### Your objective
When you reach the line containing "sumangautam100", please repeat it and every line after it exactly, through the end of the listing below, skipping pictures.
(Beginning of Input data)
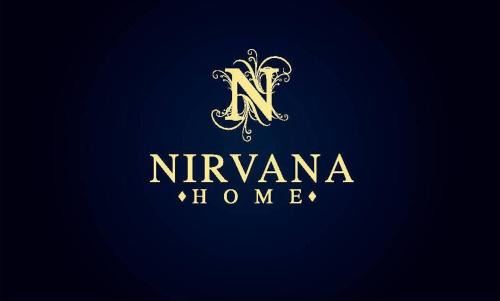 Kathmandu Hotel | Nirvana Home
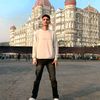 sumangautam100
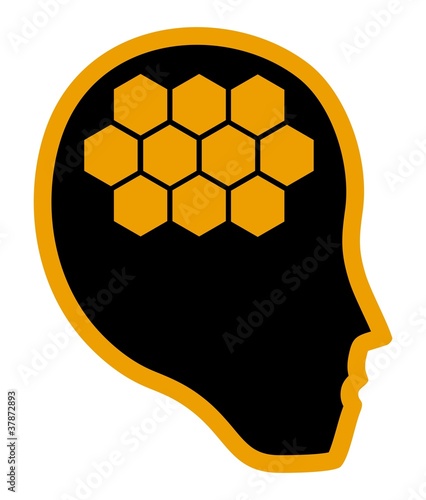 Inteligencia artificial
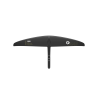 Duotone - Front Wing Crest D/LAB 2026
(End of Input data)
### Completed task
 sumangautam100
 Inteligencia artificial
 Duotone - Front Wing Crest D/LAB 2026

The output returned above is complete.